Health disparities in hypertension are primarily associated with race and socioeconomic status. According to Arrendondo et al. (2017), the primary financial disparities contributing to poor HBP control are substandard insurance cover and lack of (limited) access to healthcare. Low-income individuals cannot afford antihypertensive therapy and thus have higher mortality rates (Arrendondo et al., 2017). This data is instrumental in informing measures to assist populations in this category. Race and ethnicity also contribute to significant differences in hypertension prevalence due to genetic disparity, diversity of social factors, variation in response to therapy, and dissimilarity in cultural-specific treatments (Zanchetti,2018).

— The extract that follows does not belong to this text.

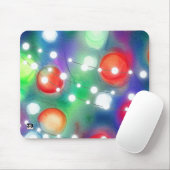 Weihnachtsbeleuchtung Mousepad (Mit Mouse)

Multiple factors determine the onset and progression of high blood pressure. They can be classified based on their relation to ethical issues and human rights. Determinants of health in the first group include improper nutrition, excessive salt intake, and increased consumption of polyunsaturated fats (Beckie, 2017). These risk factors require the practitioner to educate the patient on high-risk behaviors associated with hypertension. In doing so, the physician must observe medical ethics by maintaining doctor-patient confidentiality. Discretion can also be upheld by safeguarding the patient’s medical records from unauthorized personnel. Through educating the patient, the practitioner impacts knowledge on preserving or restoring health; thus, observing the human right to health.
The second category of health determinants in hypertension comprises age. Elderly populations are typically associated with HBP primarily due to existing atherosclerosis (Arrendondo et al., 2017). Complications are common in these patients, and issues about euthanasia and choice of treatment may arise. Medical ethics direct that the practitioner protects the patient’s right to autonomy. The physician should also lucidly explain to the patient the best treatment options available to obtain informed consent. The healthcare practitioner honors the right to life by administering medication to preserve life (beneficence).
The third group of health determinants constitutes sedentary lifestyle (physical inactivity) and chronic alcohol consumption. Patients who develop hypertension due to these factors may be overlooked as some practitioners perceive them “responsible” for their ill health (Arrendondo et al., 2017). Each physician is duty-bound to provide healthcare services to those in need; therefore, practitioners should not disregard patients for whatever reason.
Negligence leads to litigations, which subsequently diminish healthcare resources as most reserves are directed towards fighting lawsuits. The fourth group of health factors comprises a sound healthcare system that reduces the risk of hypertension. Optimal healthcare services are crucial in reducing the prevalence of high blood pressure (Beckie, 2017). Recent studies reveal that some patients receive better services than others due to their economic status. This is unethical as physicians ought to ensure justice by treating all patients alike and ensuring fair allocation of resources. Practitioners should also avoid malpractice while conducting patient care.
Arredondo, A., Recaman, A. L., & Azar, A. (2017). Socioeconomic determinants and health disparities in relation to hypertension in middle-income countries. American Journal of Hypertension, 30(4), 355–357. Web.
Beckie, T. M. (2017). Ethnic and racial disparities in hypertension management among women. Seminars in Perinatology, 41(5), 278–286. Web.
Zanchetti, A. (2018). From risk factors to treatment of hypertension. Journal of Hypertension, 34(1), 1–2. Web.